Some MC simulation programs can represent graphically the distribution of all simulated outcomes (e.g., proportion projected to be completed at various costs). Then a given cost to complete is easily matched to an associated probability. This allows contingency decision amounts to be compared to the risk tolerance of the decision-maker. Thus, we may have a 90 percent probability of completion within budget (i.e., 90 percent of our simulated outcomes are below the budget) and 99 percent probability that the project will be completed for the budget plus the agreed contingency, easily identified as the difference between the budget and costs at the 99 percent criterion of the simulated outcomes.

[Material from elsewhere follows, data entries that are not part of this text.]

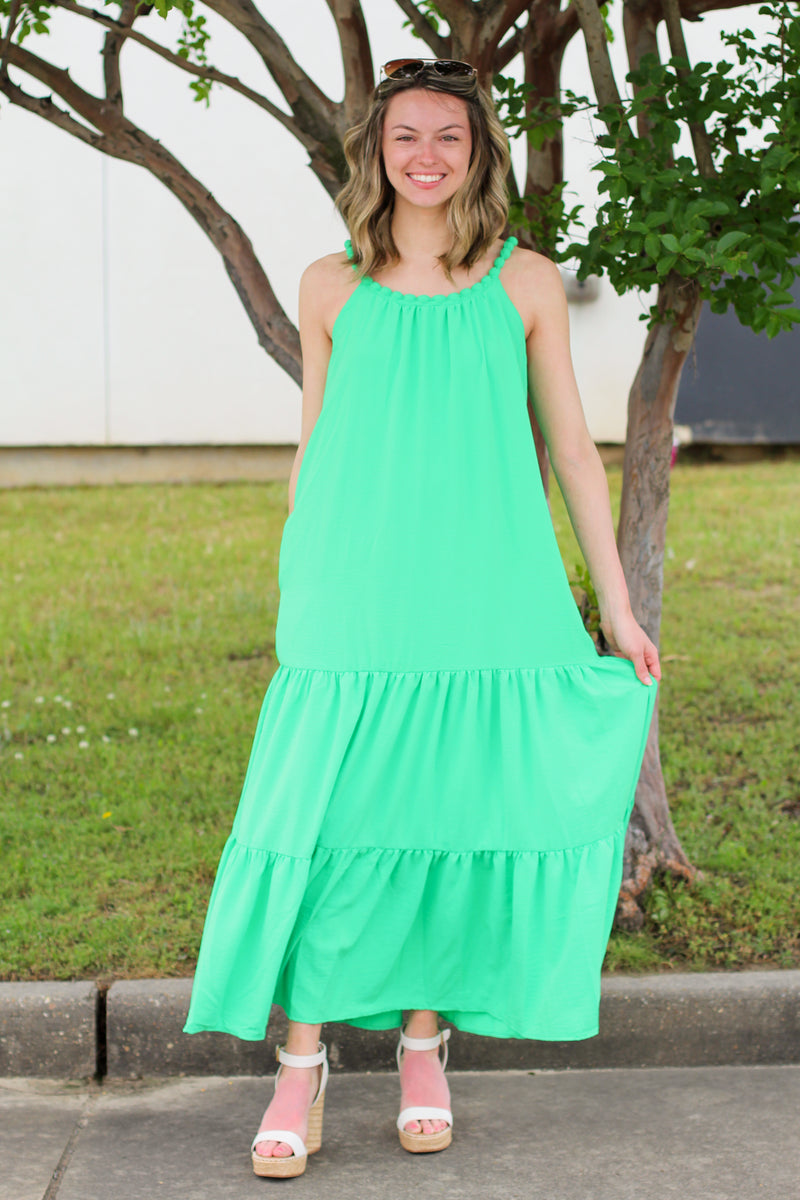 Beaded Neckline Maxi Dress
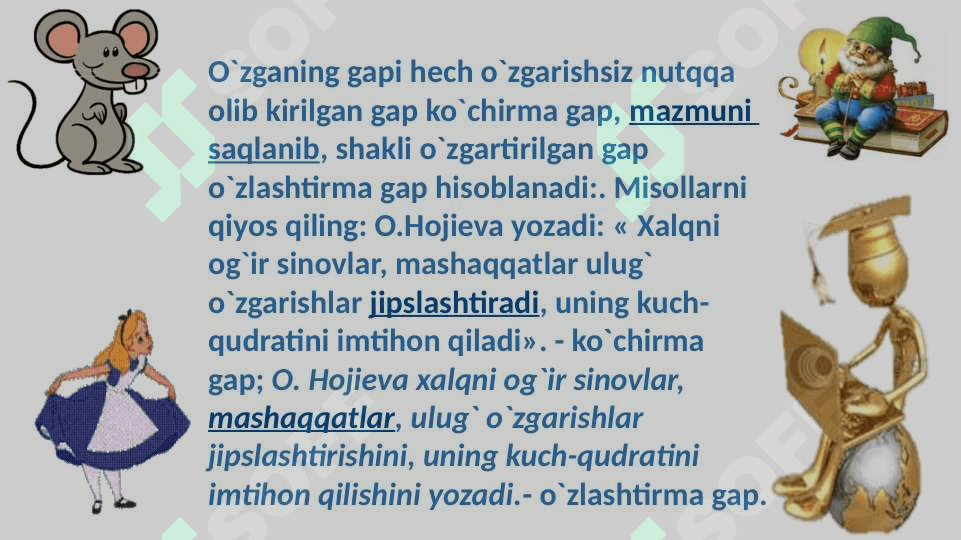 KO`CHIRMA VA O`ZLASHTIRMA GAPLAR . 2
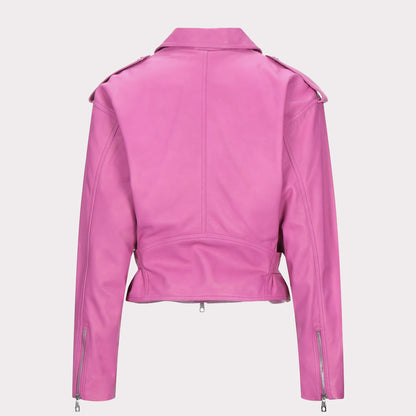 Stylish Pink Cropped Leather Jacket for Women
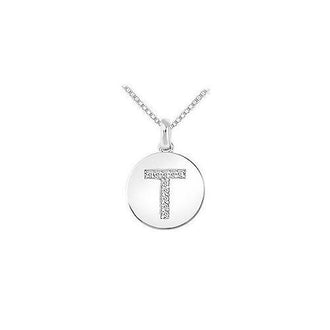 Diamond Disc Initial T Pendant : 14K White Gold - 0.10 CT Diamonds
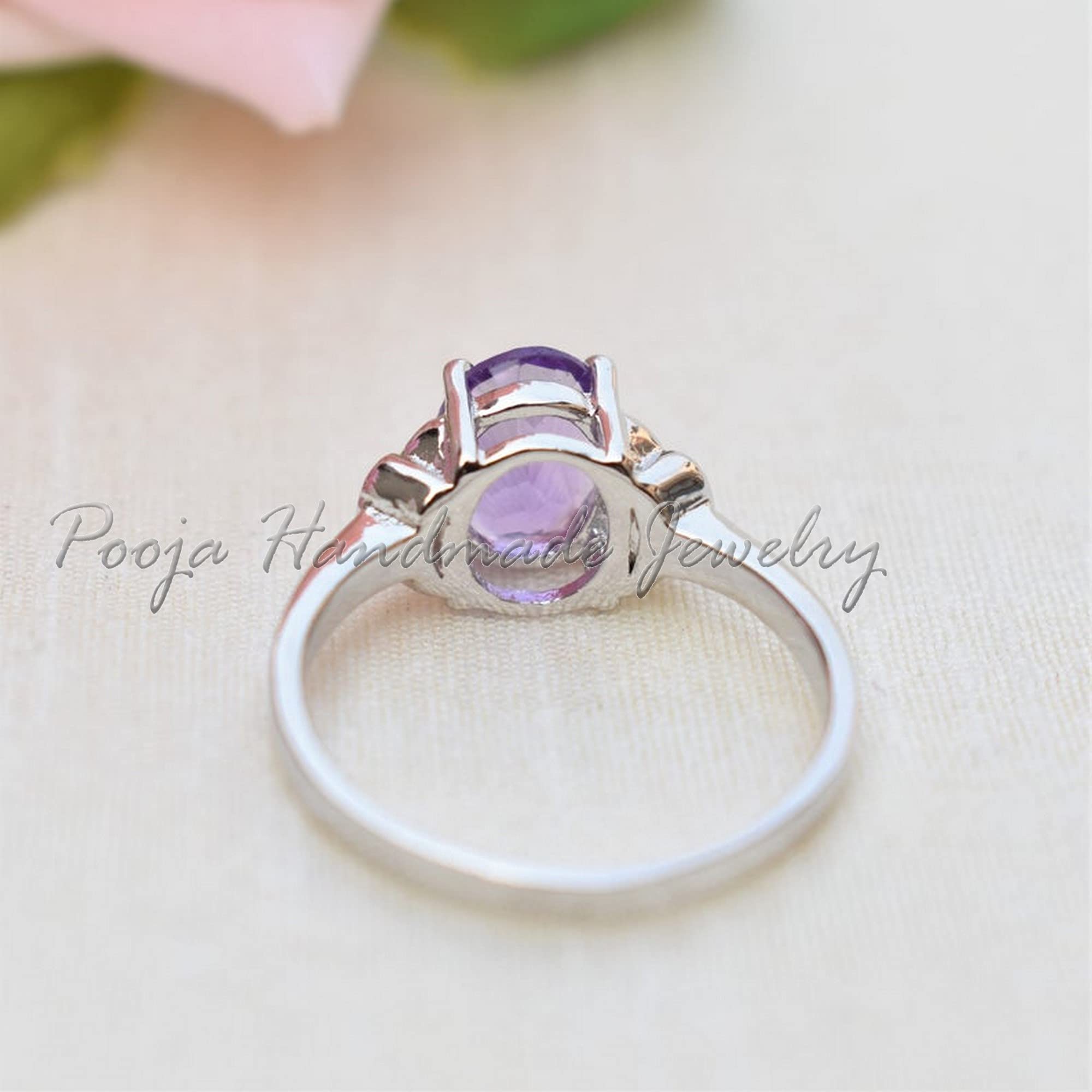 925 Sterling Silver Amethyst Ring - Handmade African Amethyst Dainty Ring for Women | February Birthstone Engagement Ring, Promise Gift & Statement Jewelry for Her | Perfect for Valentine's Day, Anniversary & Special Occasions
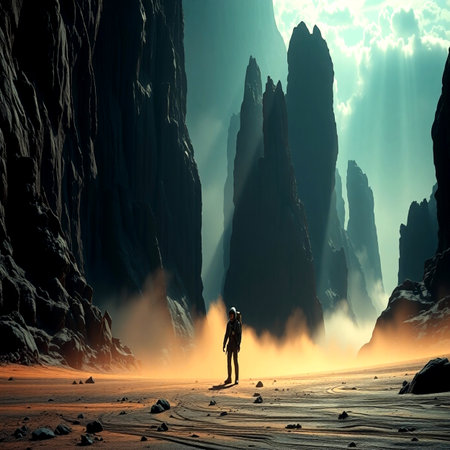 Fantasy landscape with a person in a desert. 3d rendering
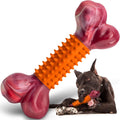 Apasiri Dog Toys for Aggressive Chewers Peanut Butter Flavored, 8" Tough Dog Chew Bone, Nylon & Rubber Chew Toy, Dog Bone Toy for Large Medium Breed 20-80lbs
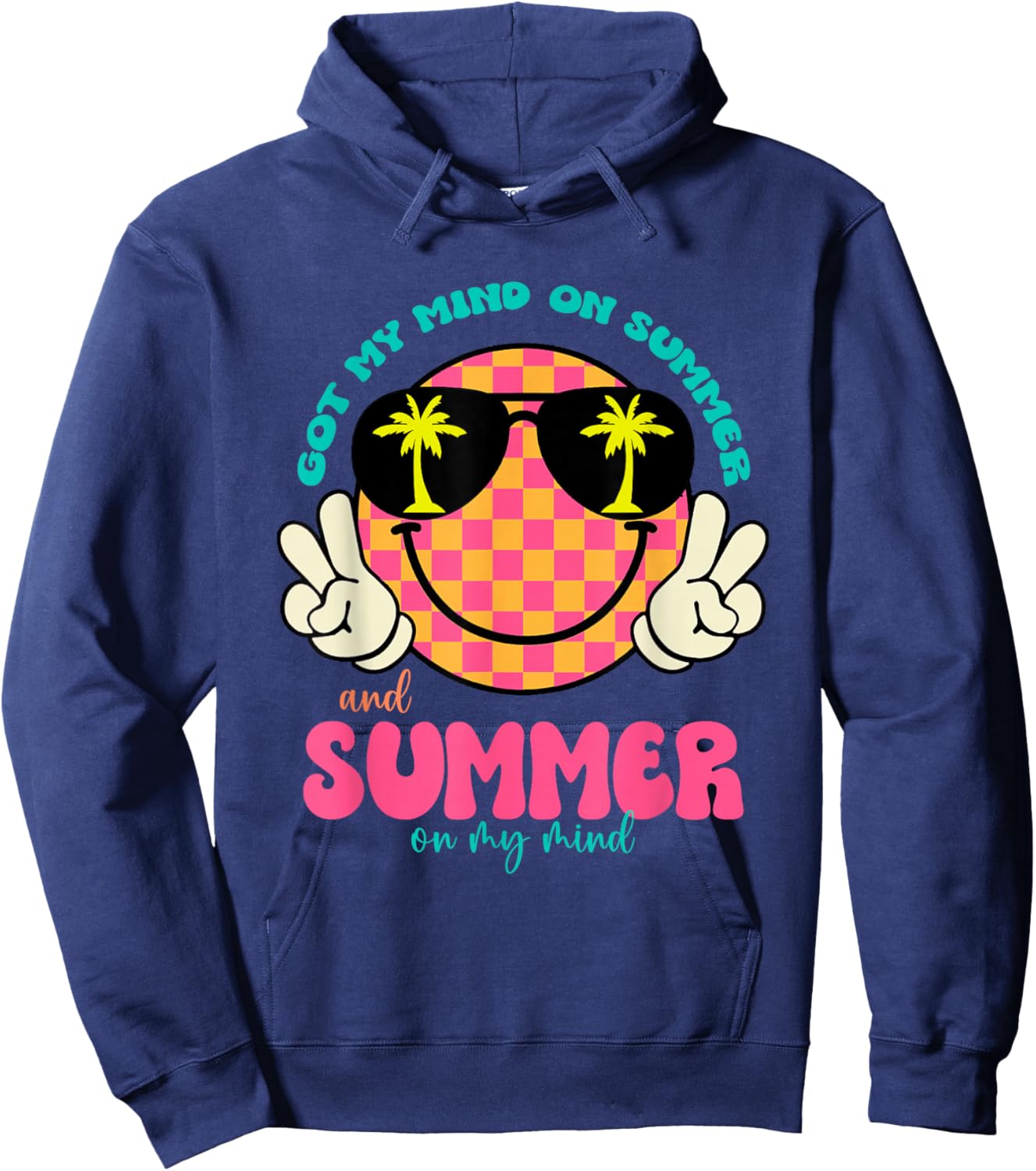 Groovy Happy Face Summer Vibes Got My Mind On Summer Teacher Hoodie - Hoodie | Navy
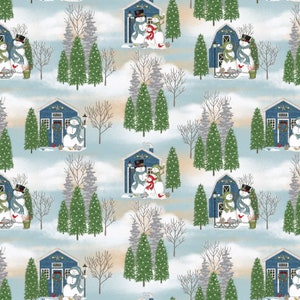 Snowman’s Dream - Winter Outing Snowman Blue from Studio E Fabrics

MC methods can be applied in estimating a range of time to specific events or processes, which can be directly applicable to determining policy triggers and allocation of costs involving environmental contamination and long-tail overlapping coverage of primary and excess insurance. Allocation is a complex process with various models applied across jurisdictions. However, a two-step process has emerged as a basic framework in which (1) a loss is assigned to a specified time period and (2) the loss is then covered by applicable policies within the identified time frames.
In a situation involving environmental claims at a former manufacturing site, for example, an assumption of continuous environmental release may not reflect accurately the actual contributory events or operations. With sufficient site history (and data from similar operations) of waste stream generation and disposition, risk managers can develop models for specific damage (such as spread of a subsurface plume) to a time frame and thereby temporally determine liability based on the applicable insurance coverages.
This same technique also can be applied to determine a specific trigger for coverage. For example, an insurer issued a solid waste closure/post-closure policy for multiple municipalities that provided extended coverage if a given facility required closure prior to a specific date. Consequently, the insurer could quantify risk and potential claims exposure only by understanding the probability of a facility closing prior to the policy end date. Information about each of the facilities was easily obtained—type of facility, estimated remaining waste handling capacity rates, population growth rates for the served municipalities, current population waste generation rates, and facility closure plans. The underlying variables were not fixed and were described with range and probability distributions in the model based on professional expertise.
The base model and subsequent MC simulation produced a distribution or picture of final outcomes or the probability of closure prior to a specified date. An additional analysis of the simulated date completions enabled a determination of the impact of specific underlying variables. Termed “sensitivity analysis,” this is accomplished by fixing a target variable at specific values (rather than the distribution of the variable), executing simulations, and tabulating the overall results.
As with any model, careful delineation and understanding of assumptions and limitations is paramount. Quantitative description of variables by an experienced practitioner is essential, as the risk management professional in effect directs the tools. Complete understanding of the spread and distribution of the data for the various components of the project and of the proportion concept is essential for interpretation of the outcomes and subsequent decision recommendations. Within this process, a quantitative basis for decision-making is provided by inherently incorporating what is known and unknown in the models and projections rather than depending on less precise rules of thumb, gut judgments, or similar intuitive assessments and conclusions.